Wednesday, November 7, 2007

Good coffee at last


Today I managed to find the right formula, and the coffee was good--not too strong, not too weak. I wish I could find that magic formula with my family.


We spoke with Younger Son last night. He and his lovely wife went out to dinner for their first anniversary (Monday Nov. 5), thanks to the money we sent them. Unfortunately, they've been having house care problems. Because some drainage system wasn't maintained on their street, their basement flooded, knocking out their hot water heater and furnace. Everything is now mended, but the dank smell is bothering them both, especially her, since she has severe mold allergies. Even my son, who has no allergies, was all stuffed up in his sinuses. It's a good thing they had nothing stored in the basement (unlike us--we'd have lost quite a lot!).


I worry quite a bit about him, but because it's not a worry that I can voice comfortably in a forum that can potentially be read by others, I'll leave it there. One day he'll be on the right path for someone with his talents and interests. I just wish he knew how beautifully and intelligently he writes. He won't believe it when I tell him because he thinks that I'm required to praise him as part of the Mothering Covenant.
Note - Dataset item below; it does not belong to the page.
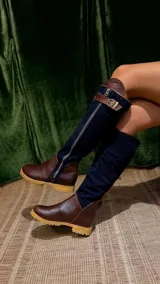 Botas altas de cuero marrón combinadas con gamuza blanca con estampado de vaca, forradas en cuero y con cierre de bronce.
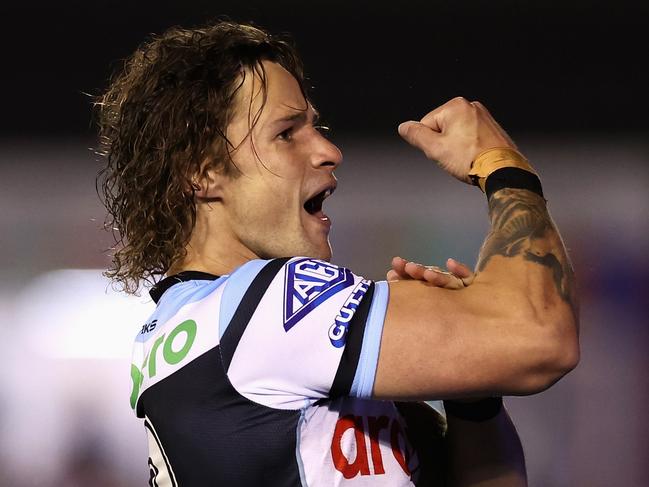 SYDNEY, AUSTRALIA - AUGUST 31: Nicho Hynes of the Sharks celebrates a try that was then disallowed during the round 26 NRL match between Cronulla Sharks and New Zealand Warriors at PointsBet Stadium, on August 31, 2024, in Sydney, Australia. (Photo by Cameron Spencer/Getty Images)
Today is the day that my former employer/school begins to evaluate the applications for the post I've applied to. Gee, I wonder how many days it will be before I get my polite, regretful note of rejection. There's no point in hoping that something will come of it, that's for sure.


Yesterday was not a good day for driving. I was worried about snow, sleet, and ice, but really, there was very little precipitation. The wind, on the other hand, was treating the cars on the road as if they were balls in a pinball game. Several times sudden gusts caught me by surprise. Had I not been clutching the steering wheel with both hands in my usual death grip, I could have lost control of the car, even though it is certainly a solid machine. (I confess to loving that solid thump that the door shutting makes. No tinny or hollow noises at all.)


However, I cannot blame the wind or the weather for my near-accident. The massive intellectuals who are usually in charge of street design in every city have outdone themselves in the small city where the college is located. There are one-way streets, two-, three-, and four-way stop signs placed randomly on street corners, and parallel parking up and down all the streets near the college. I've learned to gently nose out onto the street from the parking lot, trying to see enough beyond the SUVs and pickup trucks with campers that I don't get hit. Yesterday, I was easing out, looking both ways, when suddenly--the usual cliched "out of nowhere"--a speeding red truck nearly took me out. I slammed on the brakes, and he (trucks are "he," though cars are "she") swerved. Bonny Blue and I both trembled for a while, but got on our way.


I have this irrational fear that I'm going to be in a bad accident. We've had a lot of new cars in our marriage, but I've never felt quite this afraid before that I was going to be in a wreck. It's not so much the new car as it is the sense that "it's my turn." Let us hope that this does not become a self-fulfilling prophecy.


Drastic change of topic: At last I have been cut off from the mother ship. Mizzou terminated my student email account. In some ways, I feel bereft. In others, I feel liberated. Hooray! Mommy is letting me ride my bike without the training wheels! (Now, if I can only get a decent tenure-track job that doesn't force me to spend $60 a week on gas driving there and back.)


Graduation is in five weeks and two days. Yahoo! Dr. S.